The 'Dead Baby Strategy' of Islamists
Wednesday, October 30, 2024
At Capitalism Magazine is an article by Alan Dershowitz about Yahya Sinwar's deliberate use of civilian casualties to sway public opinion in the West about Israel's war against Hamas.
I give Dershowitz a mixed review.
On the one hand, it's about time someone called out news media for its negligent or complicit reliance on the casualty figures Hamas has been putting out during the war:
Dershowitz goes on to estimate that, of the 40,000 casualties claimed by Hamas, perhaps 10,000 were actually civilians.Without the support of the media, this strategy would not succeed. It requires that the media report Hamas-generated civilian casualty figures uncritically and without investigating the underlying components of the reported figures.
As a patron of organizations like Hamas, this adult male is responsible for every single death caused or necessitated by the actions of his proxies. (Image by khamenei.ir, via Wikimedia Commons, license.)
So the media report approximately 43,000 dead Palestinians. Although they could easily distinguish between combatant and non-combatant deaths, Hamas refuses to do so. Instead, they distinguish between male adults, women and those who they describe as "children." They fail to acknowledge that many of these so-called children were also combatants. Hamas lists anyone under 19 as a child, regardless of whether they are 15, 16, 17 or 18-year-old terrorists who have been recruited and trained by Hamas to murder Israelis. They do the same with women, conveying the impression that only men are terrorists.
Moreover, they fail to distinguish friendly-fire casualties that resulted from rockets fired by Hamas, Islamic Jihad and other terrorist groups whose rockets have a high failure rate, with many landing in Gaza.
They suggest that all non-Hamas members are innocent civilians. But many non-Hamas "civilians" were directly involved in the massacres, rapes and kidnappings of October 7, 2023. Others cheered on these barbarians as they returned to Gaza with their live and dead hostages. Still others allowed their homes to be used to imprison hostages. Many contributed to Hamas financially and in other ways. Then there are the human shields -- some voluntary, some coerced -- who died as a result of deliberately being placed in harm's way pursuant to the Sinwar strategy of maximizing civilian deaths.
That may be true, and there is some value in debunking the way Hamas has been reporting casualties, but the discussion about civilian deaths will never move to the level it needs to without asking the question: Why is Israel being condemned at all for civilian deaths?
The way to answer this question follows from the thinking of the late John David Lewis, as he lays out in his seminal work, Nothing Less than Victory: Decisive Wars and the Lessons of History:
Moral ideas as they relate to war must not be conflated with the rules associated with deontological just-war theory -- for instance, of proportionality and absolute prohibitions against attacks on civilians.

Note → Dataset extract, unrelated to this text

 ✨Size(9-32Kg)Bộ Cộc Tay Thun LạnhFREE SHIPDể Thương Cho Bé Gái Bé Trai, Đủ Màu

Such rules divorce ends from means, and are often considered by their advocates to be absolute strictures apart from context and consequences. In this moral framework, the goals of each nation are granted no import in evaluating the conduct of the war, and those fighting to maintain a system of slavery become morally equal to those fighting for freedom. That such rules can become weapons in the hands of an enemy who is fighting for conquest, loot, or slavery is said to be irrelevant to the categorical commandment that each side follow those rules regardless of result. But surely we should question moral rules that exempt a belligerent from attack because he hides behind civilians whom he intends to enslave. The moral purpose of a war -- the goal for which a population is fighting -- sets the basic context for evaluating a conflict and determines the basic moral status of the belligerents. Those who wage war to enslave a continent -- or to impose their dictatorship over a neighboring state -- are seeking an end that is deeply immoral and must not be judged morally equal to those defending against such attacks. It is vital to evaluate the purposes of a war when evaluating both the means by which that purpose is being pursued, and the social support for those directing the war. [footnotes omitted, bold added]As you can see, the whole idea that a nation defending itself -- like Israel -- should be condemned for any civilian deaths is questionable to start with.

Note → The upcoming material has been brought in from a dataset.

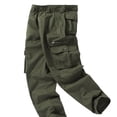 thumbnail image 4 of Mifsaly Cargo Pants for Men High Waisted Wide Leg Hiking Pant with Multi Pockets Outdoor Camping Training Trousers with Pockets S, 4 of 5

Not only that, as Lewis notes elsewhere in the book, part of the successful prosecution of a war of self-defense entails breaking the will of a belligerent population to continue fighting.
This raises the issue of popular support for the war among the civilian population of Gaza: To the degree that they support what Hamas is doing, they both deserve and need to suffer the consequences of what they are trying to bring to Israel.
In short, not only is Israel not to blame for civilian casualties, civilians are owed no quarter whatsoever, much less the coddling and aid they have been getting in this war. (Tragically, this means that some truly innocent civilians must suffer and die. But that is on Hamas, its Iranian puppetmasters, and its other supporters and sympathizers.)
As laudable as it is to name Sinwar's despicable strategy -- shared worldwide in the name of "compassion" by Islamists -- it is not enough. We have to take the next difficult step of admitting that civilian deaths are, tragically, a necessity of self-defense for good societies.
Until the West admits that innocents will die if it defends itself, and realizes that it is not to blame, it will remain paralyzed in the face of the Islamist barbarians it should have defeated decades ago.